____ DATA BLOCK

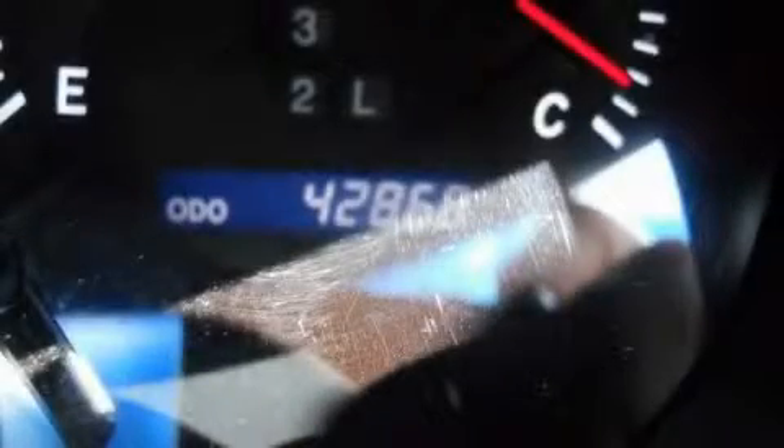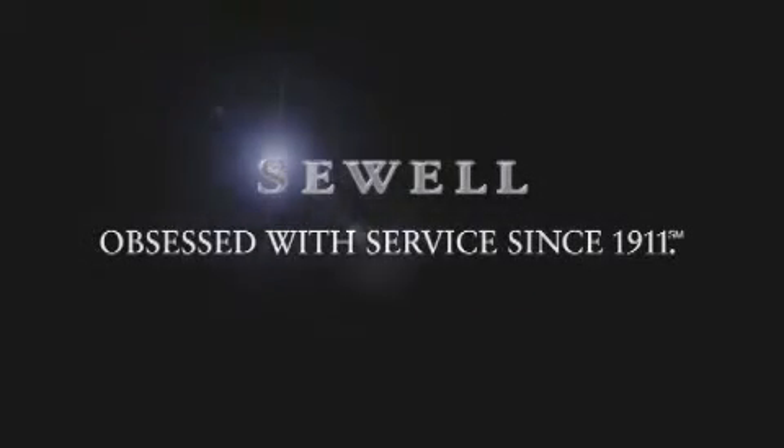We invite you to contact us today to learn more about this vehicle. Now that you've seen the car of your dreams, come see the dealer of your dreams, Sewell. Service, sales, and efficiency so obsessive, you'll want to pinch yourself.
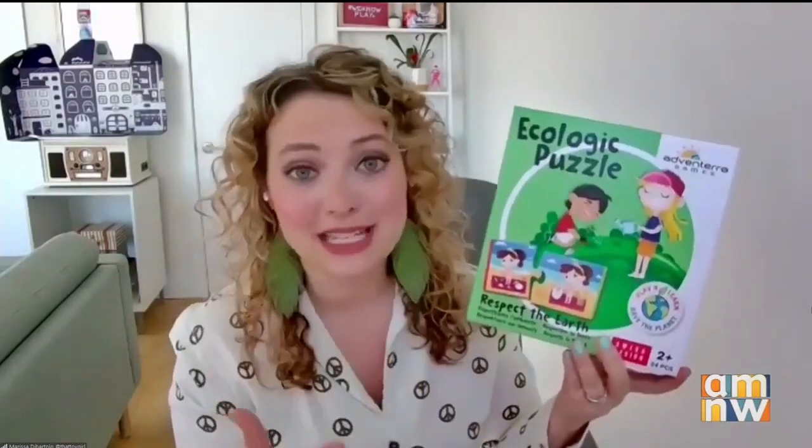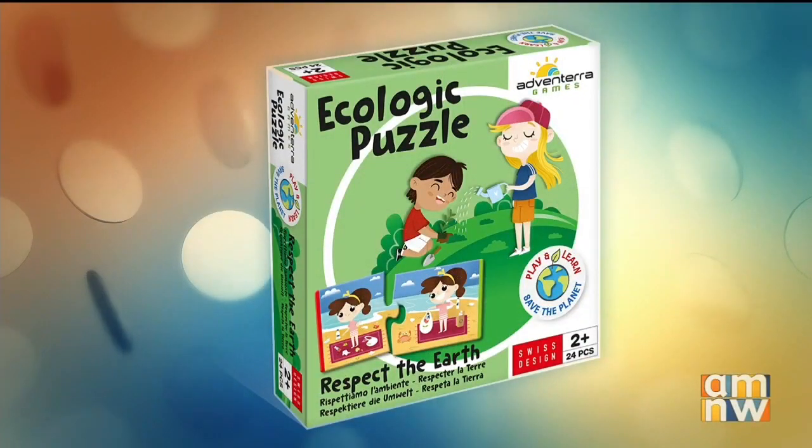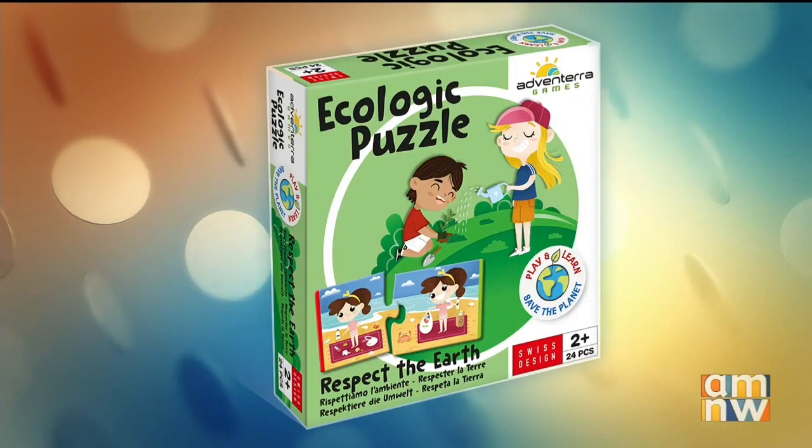Let's get started and show some of the fun stuff you have for kids that teach them about the environment. So this is clearly an eco-friendly toy right now. This is from Adventera Games — they're an amazing company. Every single product they put out aims to teach kids about the environment and how to live a sustainable life.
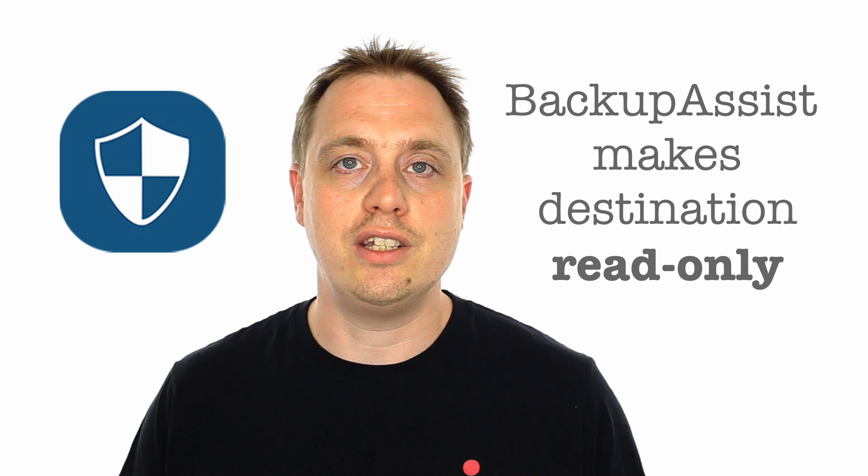A ransomware attack won't have any access to change the backups in any way. This protection can work for local USB drives or RDX drives, but it also works for iSCSI targets as well as data containers on network shares.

________

## TASK ITEM
The reply should contain every line of the material exactly, and no images.

## ANSWER TO THE PROBLEM
We invite you to contact us today to learn more about this vehicle. Now that you've seen the car of your dreams, come see the dealer of your dreams, Sewell. Service, sales, and efficiency so obsessive, you'll want to pinch yourself.
Let's get started and show some of the fun stuff you have for kids that teach them about the environment. So this is clearly an eco-friendly toy right now. This is from Adventera Games — they're an amazing company. Every single product they put out aims to teach kids about the environment and how to live a sustainable life.
A ransomware attack won't have any access to change the backups in any way. This protection can work for local USB drives or RDX drives, but it also works for iSCSI targets as well as data containers on network shares.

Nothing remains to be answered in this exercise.